D’une réunion à l’autre, je vois que ce groupe qui a peu d’expérience internationale et une connaissance limitée d’autres conflits commence à élargir sa réflexion et à remettre en question certains de ses postulats. Par exemple, au cours des 25 dernières années, les négociateurs israéliens et palestiniens ont tenté de trouver un accord qui mette officiellement un terme au conflit et qui abolisse une fois pour toutes les revendications des deux parties.

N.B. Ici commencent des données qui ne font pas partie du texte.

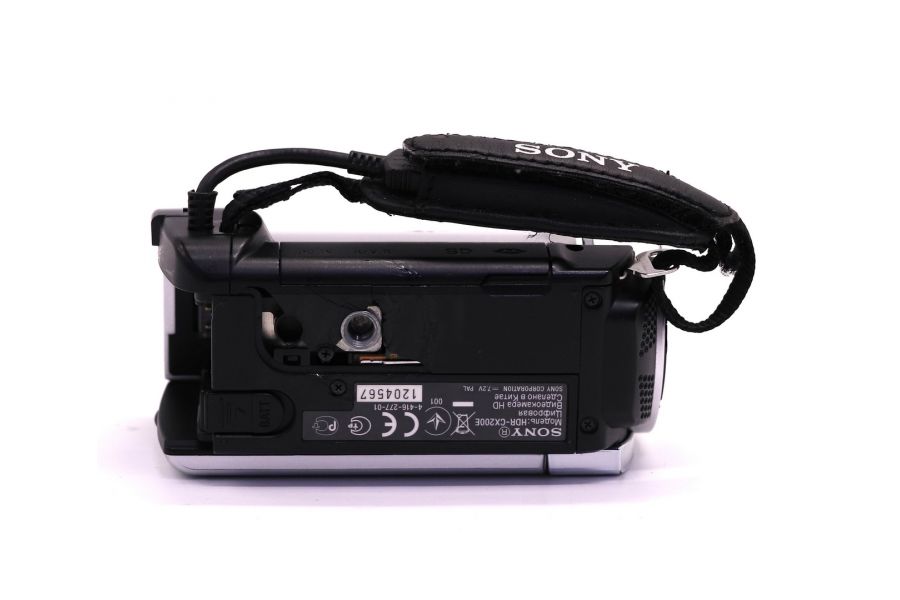 Компактная цифровая видеокамера Sony HDR-CX200E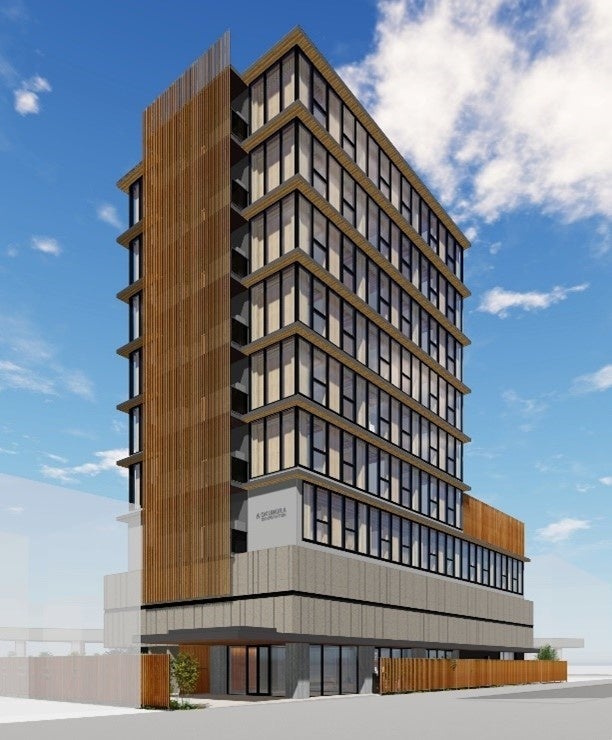 完成イメージ(外観)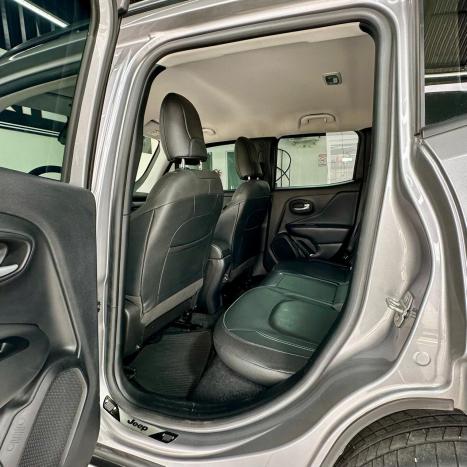 JEEP Renegade 1.3 16V 4P FLEX T270 LONGITUDE TURBO AUTOM�TICO, Foto 19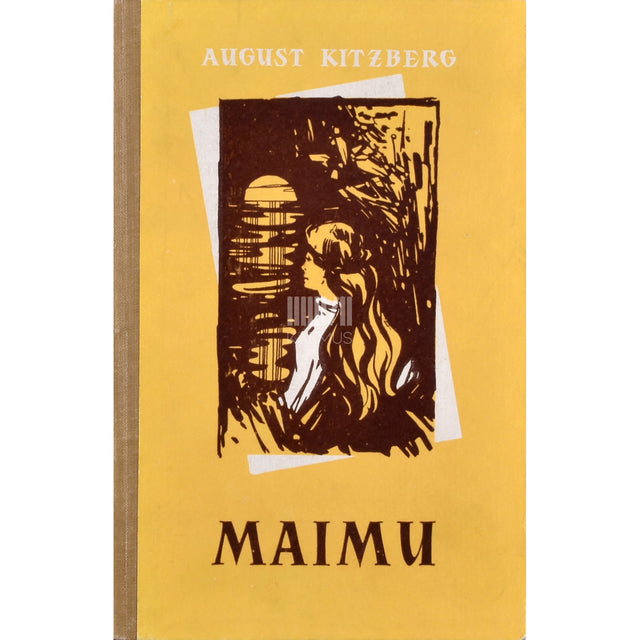 August Kitzberg. Maimu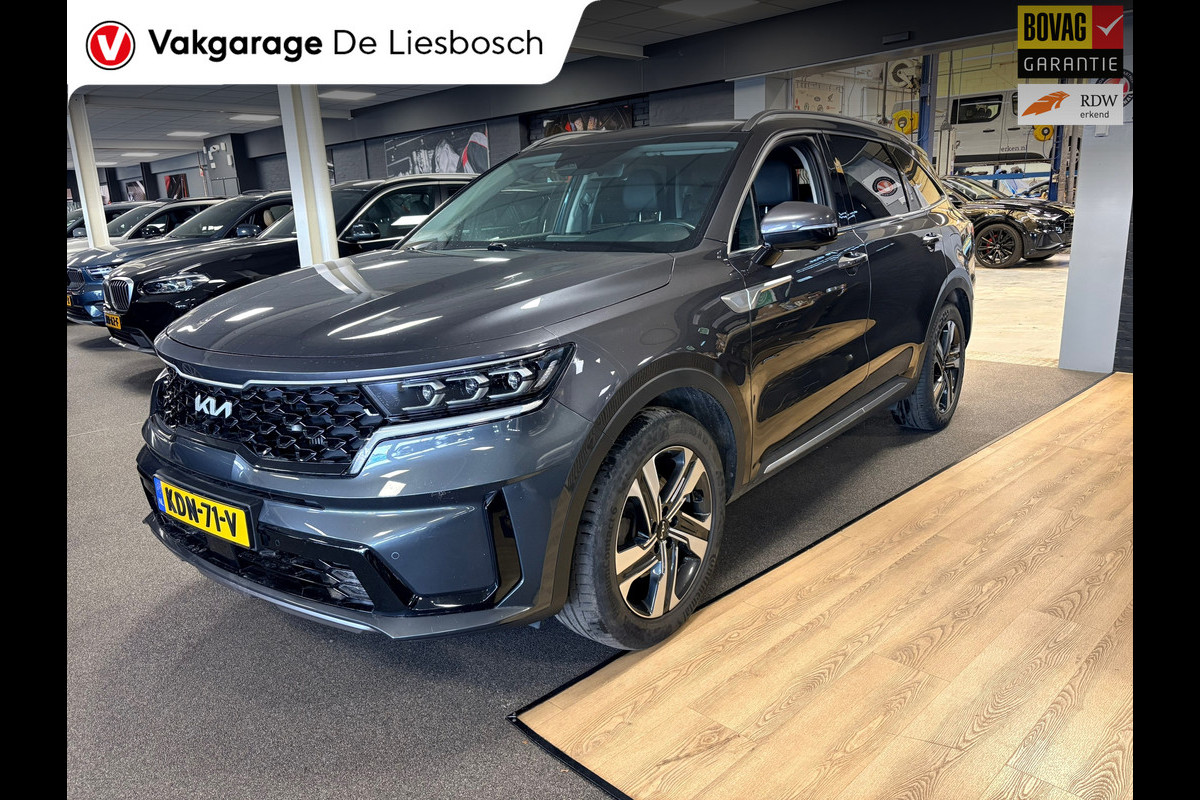 Kia Sorento 1.6 T-GDI Plug-in Hybrid 4WD Executive 7Persoons / pano / Bose / leer / camera
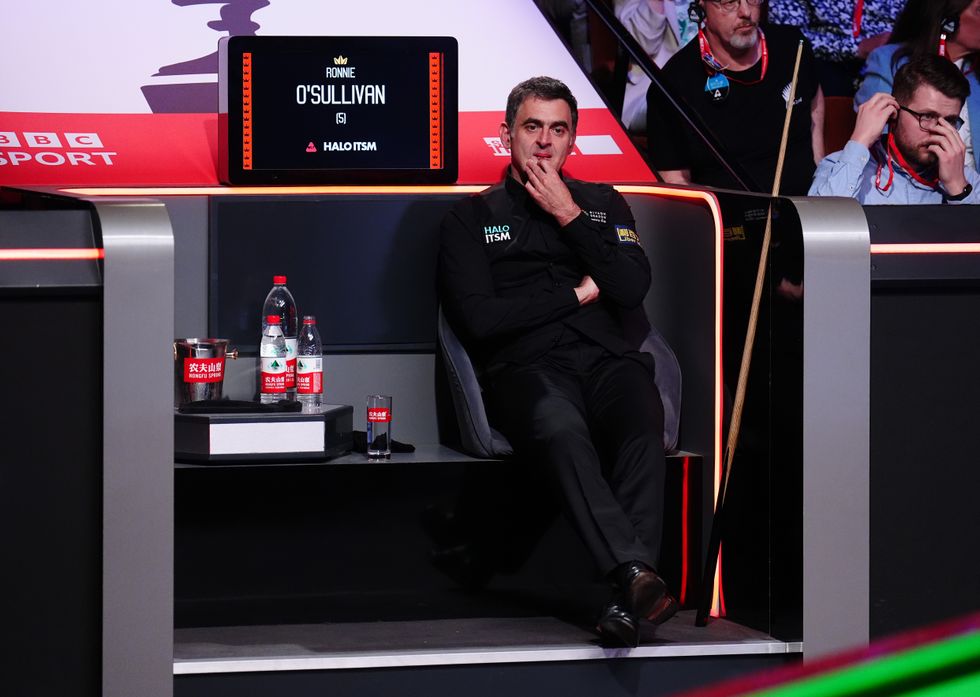 Ronnie O'SULLIVAN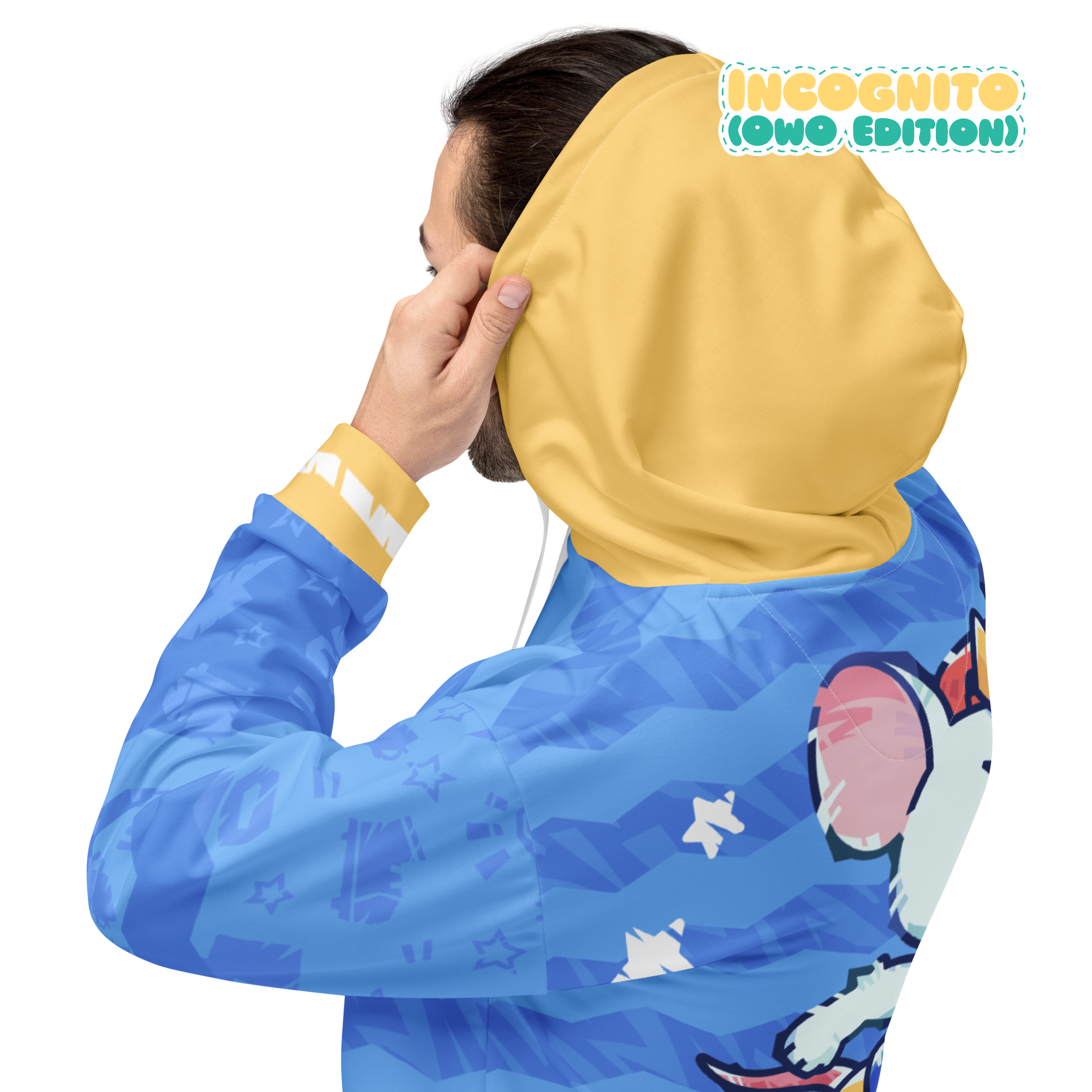 TryAgains Hoodie - Tuffy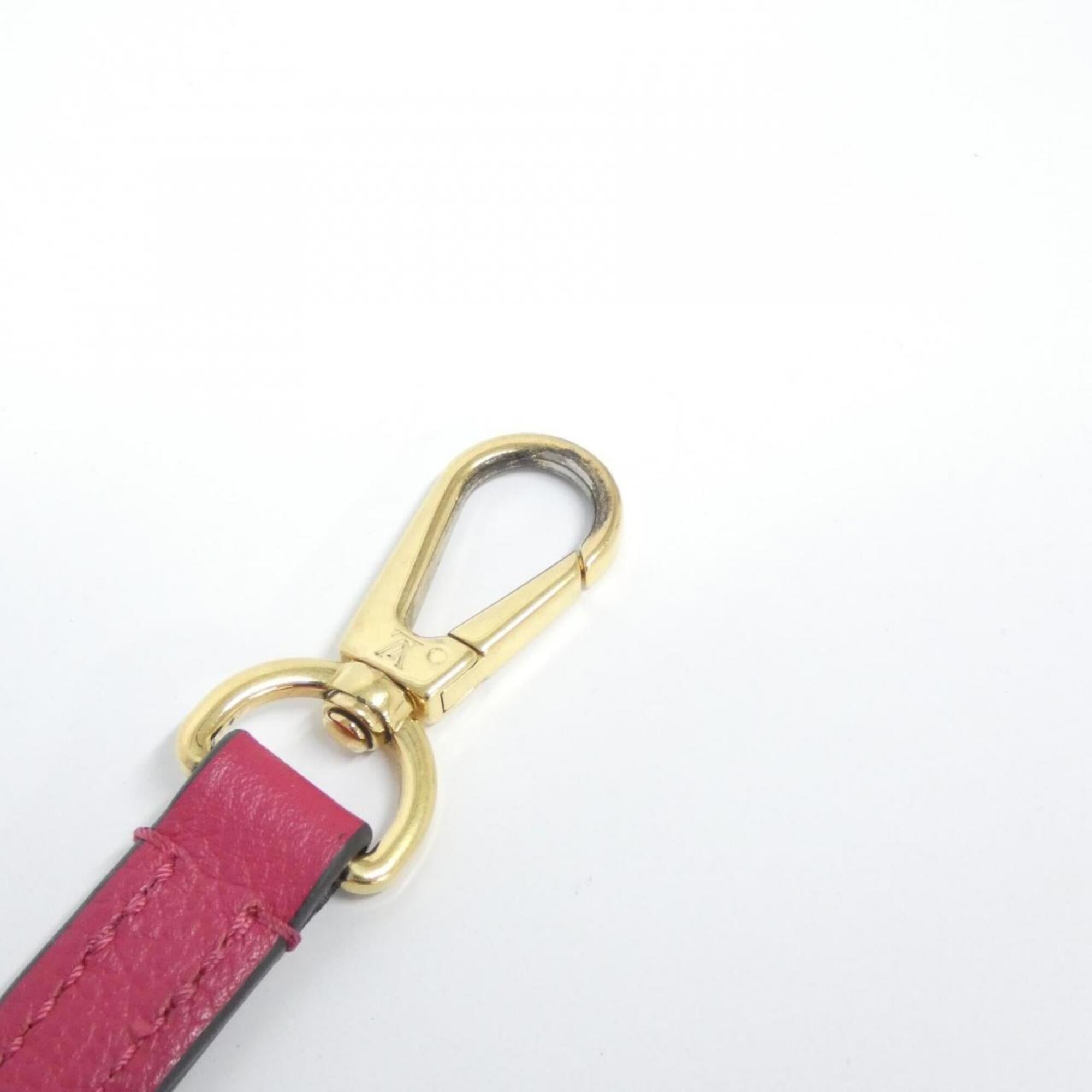 Louis Vuitton Monogram Empreinte Freesia Leather Handbag (Pre-Owned)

Pour la droite religieuse israélienne, cette position est très problématique et fait partie d’une solution laïque. Ils veulent mettre fin au massacre, mais la paix qu’ils invoquent dans leurs prières va au-delà. Une paix réelle pour eux est liée à la prophétie d’Isaïe selon laquelle les épées seront transformées en socs de charrue quand un temple sera érigé au lieu où se situe la mosquée Al-Aqsa [Isaïe 2 : 4]. Quand ils se rendent compte que le conflit en Irlande du Nord semble avoir été résolu sans expulser personne de son logement et sans qu’aucune des deux parties ne trahisse fondamentalement ses positions, ils trouvent cela très positif.

En d’autres termes, mes compagnons de voyage comprennent ce que représente cet accord pour les Irlandais qui, après des siècles de violence, pensaient que c’était chose impossible. Ils se rendent compte que le « statut final » peut attendre et qu’on peut trouver des compromis et des positions intermédiaires si l’on ne foule pas aux pieds la simple possibilité de la paix pour laquelle ils prient. La droite religieuse nationale, du moins d’après les représentants présents dans le groupe, est divisée sur les objectifs à atteindre. Certains affirment qu’il faut trouver un modus vivendi avec les Palestiniens, sans qu’il faille obtenir une victoire sur eux, mais sans accepter non plus d’abandonner indéfiniment les revendications territoriales. D’autres estiment que les Palestiniens doivent être totalement vaincus, que le seul obstacle est le manque de volonté d’Israël. Ils pensent que la discussion portant sur une solution à deux États, même si elle ne se concrétise jamais, laisse aux Palestiniens l’espoir de voir naitre un jour un État palestinien, et que tout traitement distinct des « implantations » par l’État israélien est terriblement néfaste. Ils déclarent qu’il faut faire comprendre aux Palestiniens qu’il n’y aura pas d’État palestinien et qu’ils doivent accepter de vivre sous l’autorité juive avec des « droits égaux, à l’exception du droit de vote ». Évidemment, il ne s’agit plus de droits égaux, mais c’est ainsi qu’ils le formulent.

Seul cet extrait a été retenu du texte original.